The State of NoSQL Today

Ignoring the datacenter vs. public cloud question for the time-being, what would I pick today regarding a NoSQL alternative to Oracle? Not many people get a chance to solve the same tough problem twice. 

For one, there are still quite a few NoSQL alternatives in the market. Some are supported by startups (e.g. Cassandra, Riak, MongoDB, etc..), some are supported indirectly by companies (e.g. LinkedIn’s support of Voldemort, Facebook & StumbleUpon’s support of HBase), and some are supported directly by companies (e.g. AWS’s S3, SimpleDB, and DynamoDB, etc… ).

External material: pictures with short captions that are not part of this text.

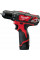 Шуруповерт аккумуляторный Milwaukee M12BDD-201C 4933479439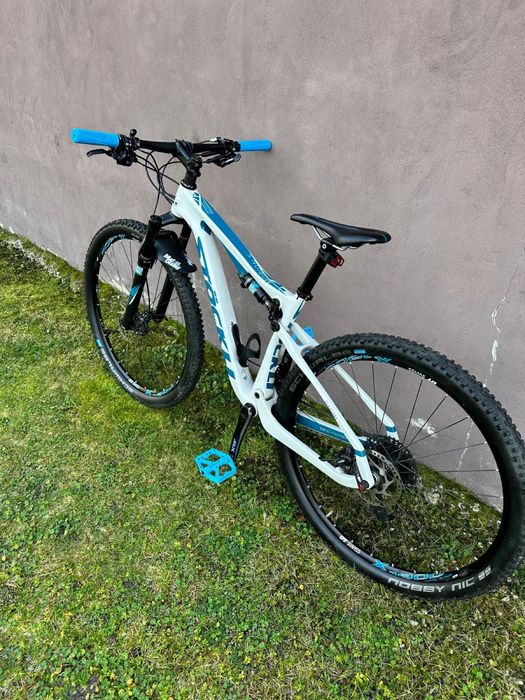 Vand bicicleta stockli carbon full suspension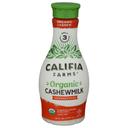 Califia Farms Organic Unsweetened Cashewmilk, 48 Fluid Ounce -- 6 per case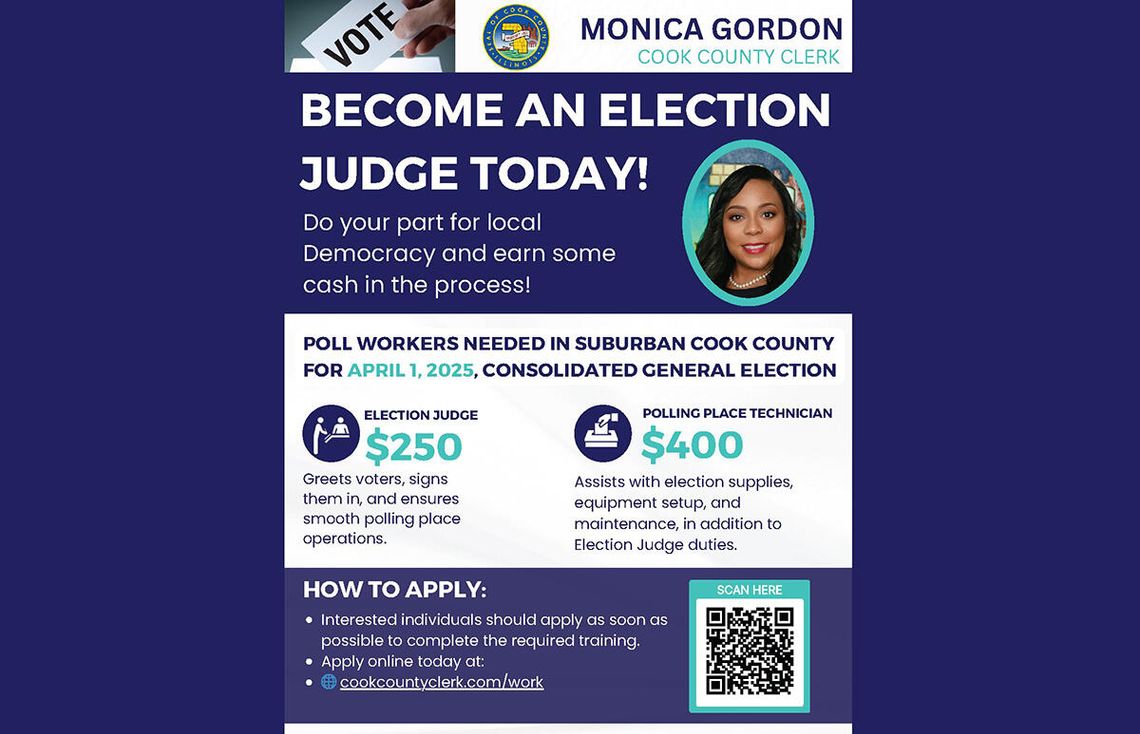 Już teraz poszukiwani polskojęzyczni pracownicy lokali wyborczych na przedmieściach Już teraz poszukiwani polskojęzyczni pracownicy lokali wyborczych na przedmieściach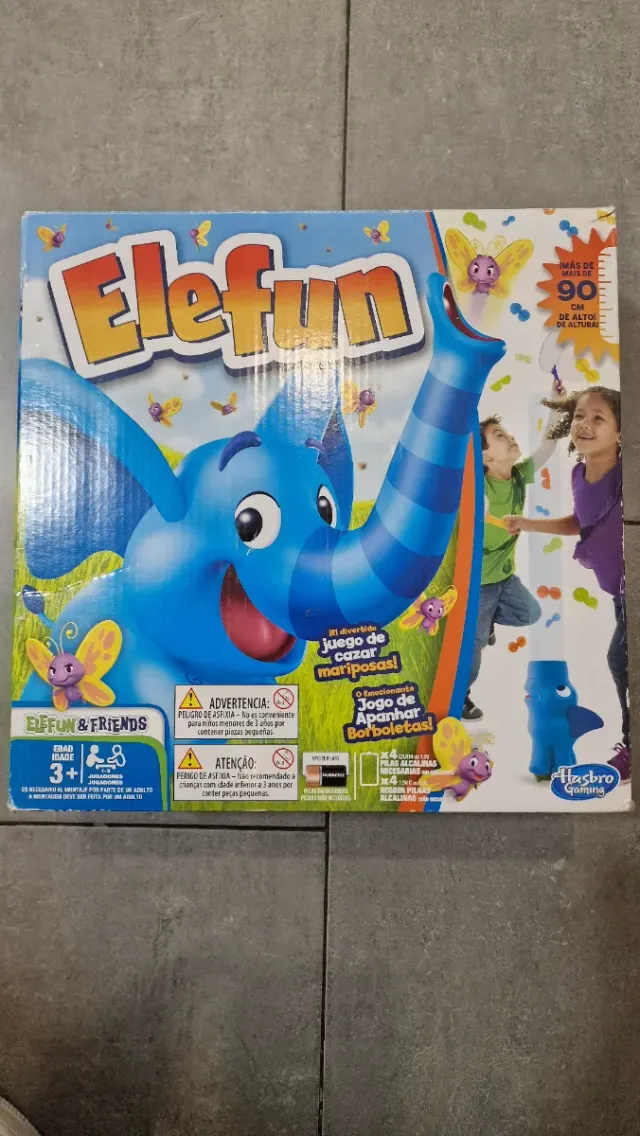 Juego Elefun Hasbro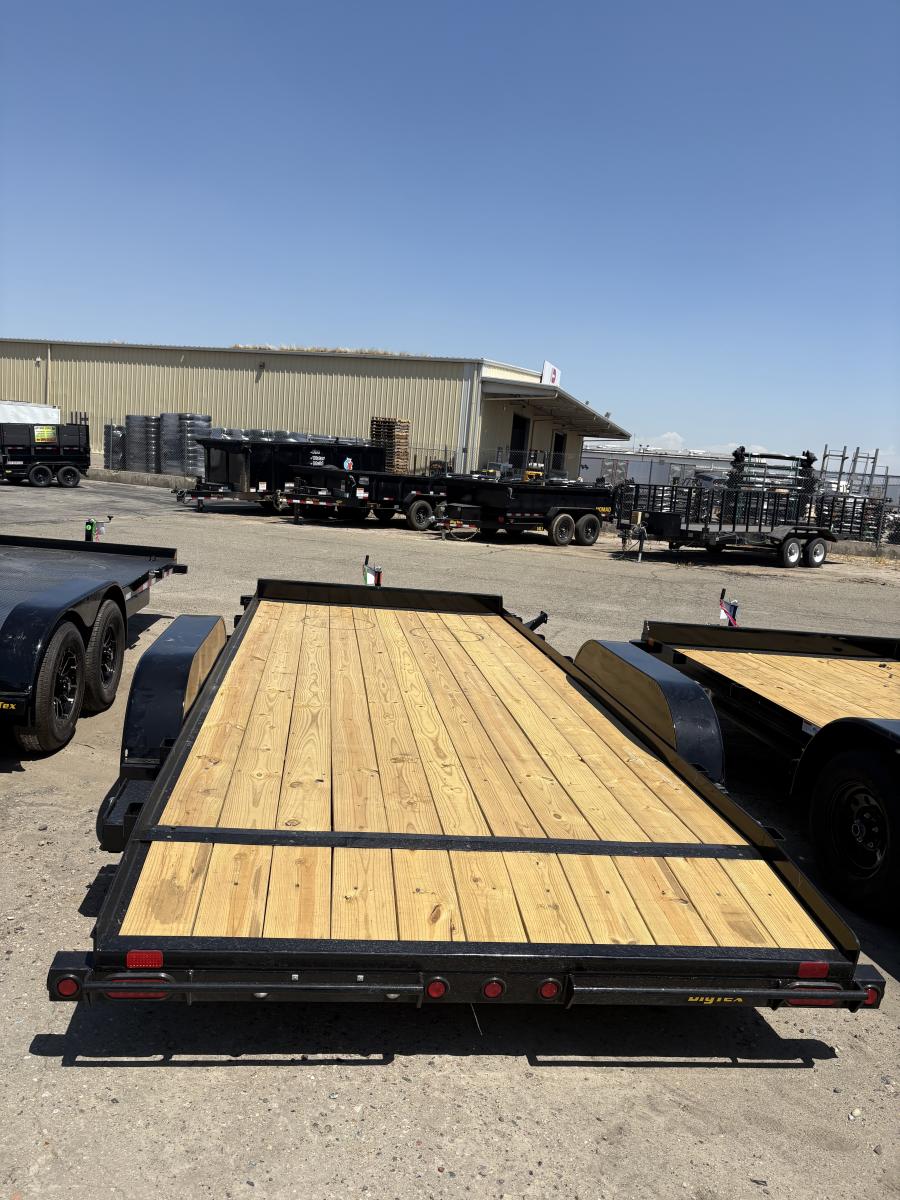 Big Tex 70CH, Car Hauler, 83″ x 18′, 7K, Dovetail image 1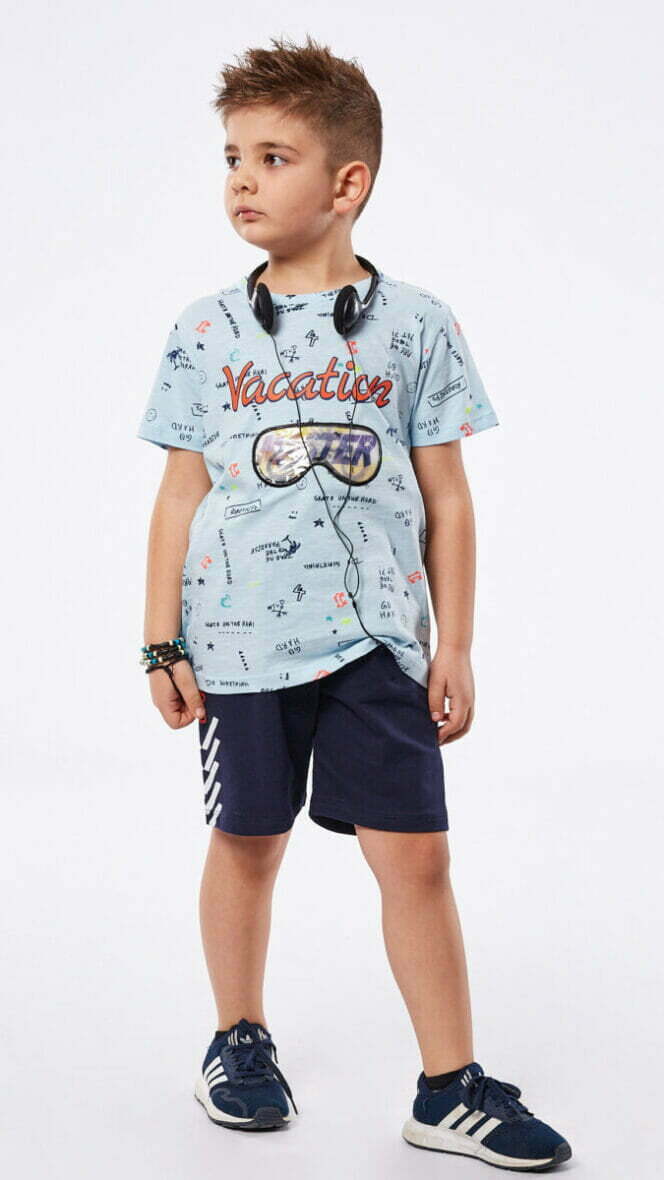 Παιδικό Σετ Σορτς Hashtag αγόρι 1-6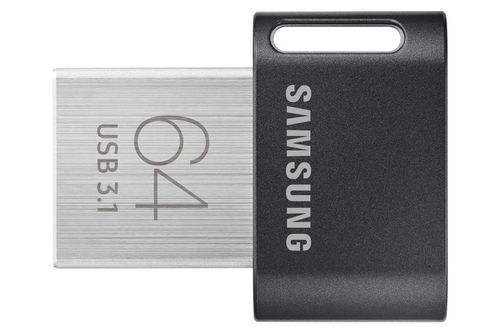 Miniaturowy Pendrive Samsung FIT Plus 64 GB USB 3.1 up to 300 MB/s na Arena.pl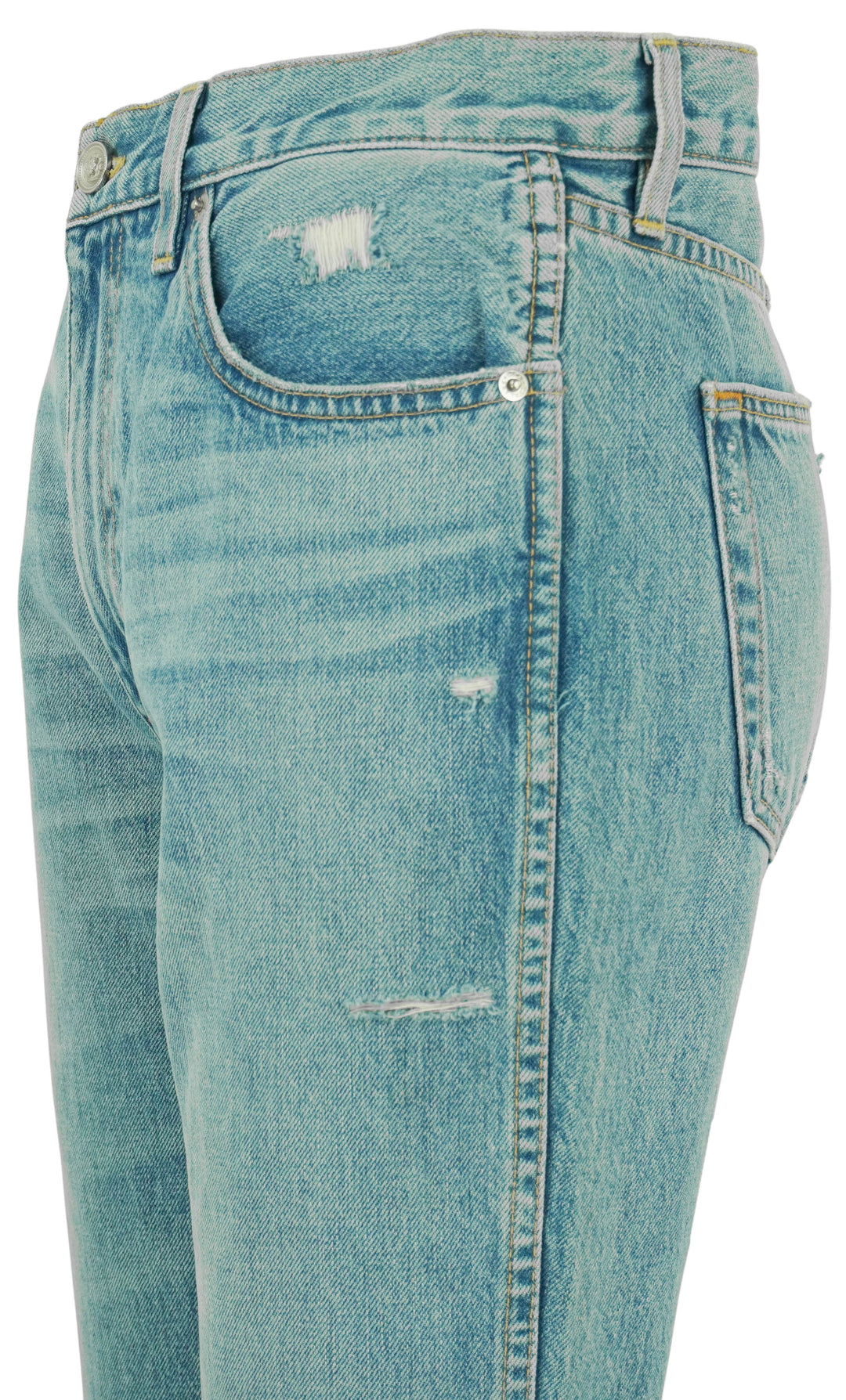 Slvrlake Viginia Slim Denim in Rolling Waters - Discounts on Slvrlake at UAL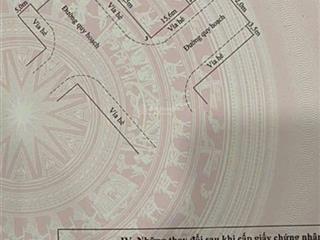 Bán lô góc hướng đông nam khu biệt thự phúc lộc đường trần hoàn quận hải an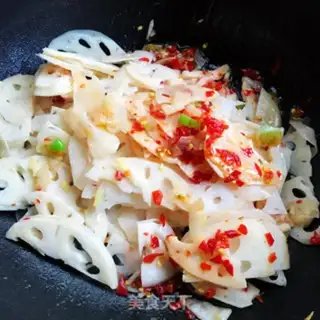 Make Spicy spicy step 4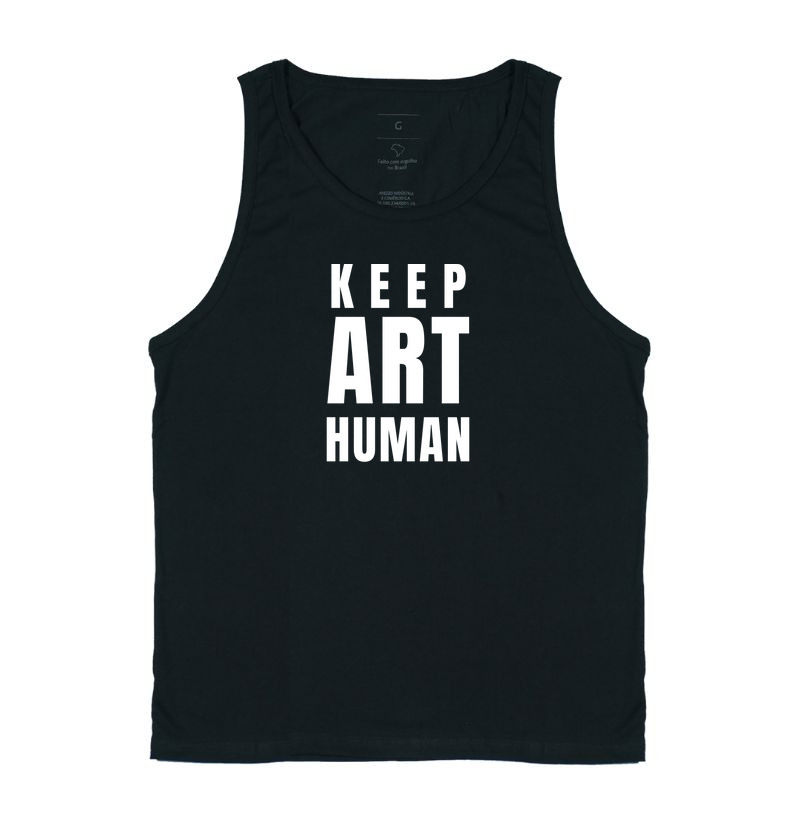 Keep Art Human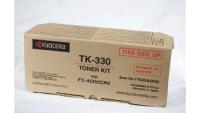 1T02GA0EU0 TK-330 Kyocera FS-4000DN Sort toner TK330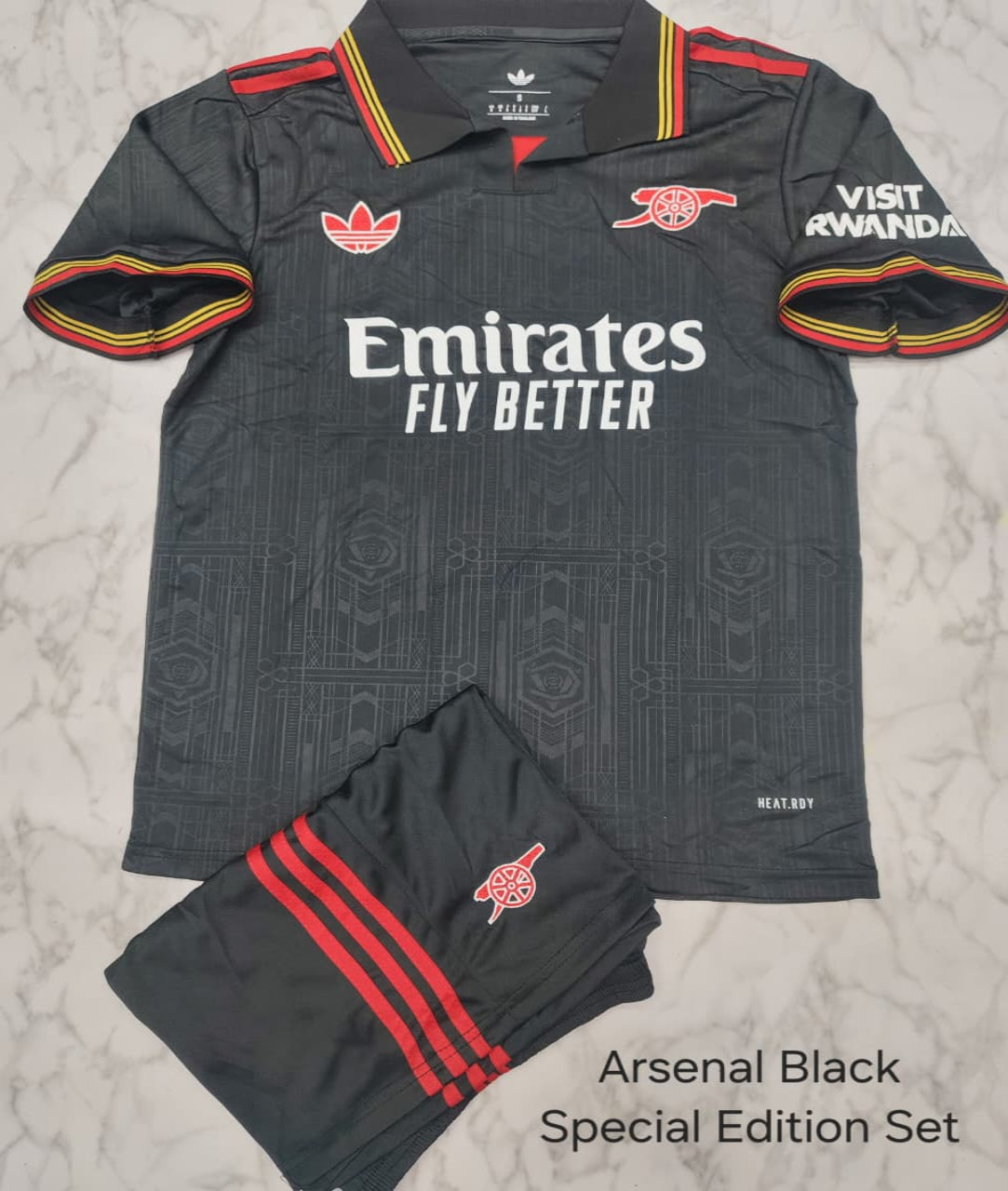 Arsenal Art 1 Special Edition Football Jersey Set (Jersey + Shorts)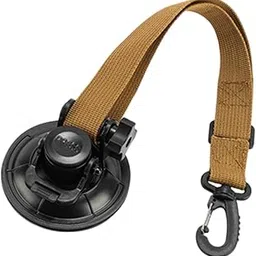 ATORSE Adjustable RV Door Retainer Strap Accessory Lightweight Silicone Suction Cup Khaki-picture-11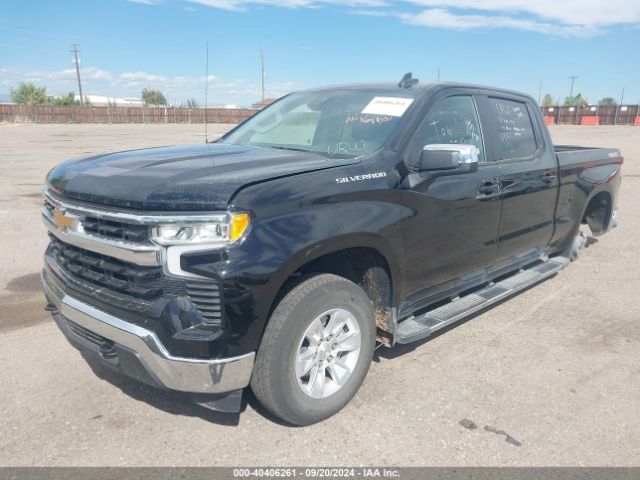 1GCPDDEK7RZ176105 Chevrolet Silverado 1500 4wd  Standard Bed Lt
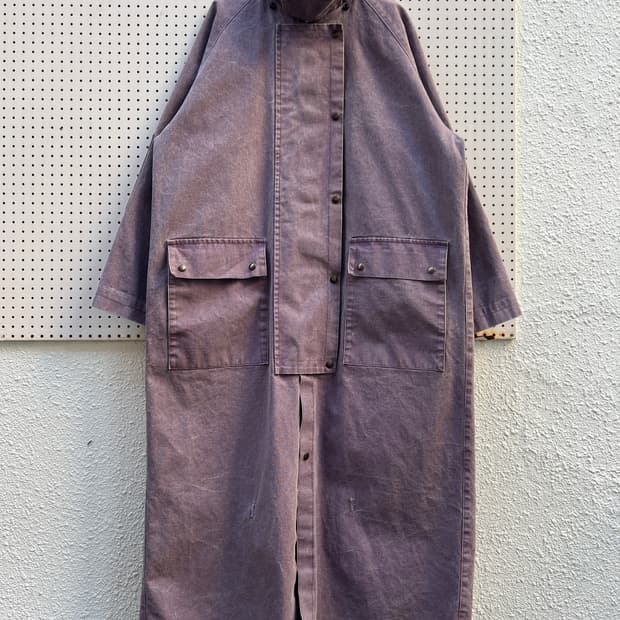 AUSTRALIAN OUTBACK WESTERN 웨스턴 캔버스 더스트코트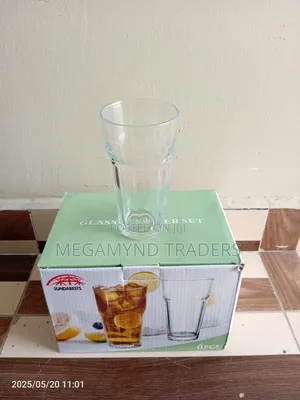 6pc Beer Glass 360ml / Water Glass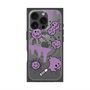 プレミアムパネル with MagSafe［ PAINTING SMILE Purple ］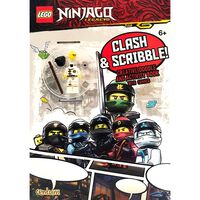 Lego Ninjago Doodle and Colour Activity Book with Toy
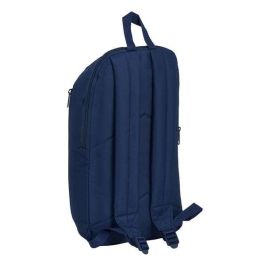 Safta Mini Mochila Bolsillo Vertical Azul Navy Modelos Surtidos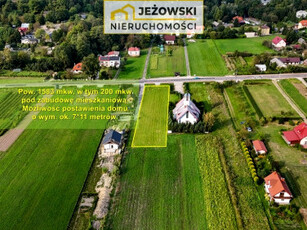 Działka budowlana Wierzchoniów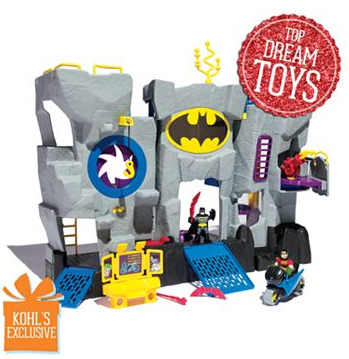 bat cave imaginext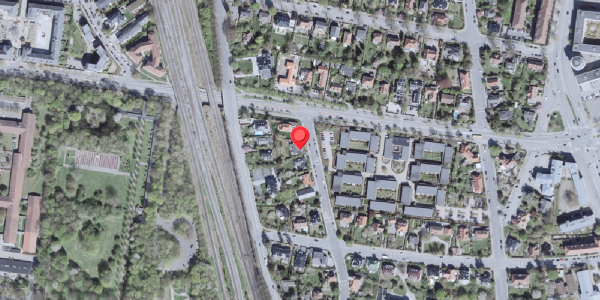 Oversvømmelsesrisiko fra vandløb på Lundevangsvej 23, 2900 Hellerup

In making a decision, I’ll consider the following learnings:

  • Any system that you pick will require 24-7 operational support. If it is not hosted (e.g. by AWS), be prepared to hire a fleet of ops folks to support it yourself. If you don’t have the manpower, I recommend AWS’ DynamoDB
  • Just because the company got by with one big machine for Oracle, don’t be surprised if the equivalent NoSQL option results in 36 smaller machines. All complete solutions to fault-tolerance support “rebalancing”. Rebalancing speed is determined by data size of a shard. Hence, it’s better to keep the size per shard reasonable to minimize MTTR in times of disaster.
  • Understand the limitations of your choice: 
    • MongoDB, at the time of this writing, has a global write-lock. This means that only one write can proceed at a time in a node. If you require high write-throughput, consider something else 
    • Cassandra (similar to other Dynamo systems) offers great primary key-based access operations (e.g. get, put, delete), but doesn’t scale well for secondary-index lookups
    • Cassandra, like some other systems, has a lot of tunables and a lot of internal processes. You are better off turning off some features (e.g. Anti-entropy repair, row cache, etc…) in production to safeguard consistent performance.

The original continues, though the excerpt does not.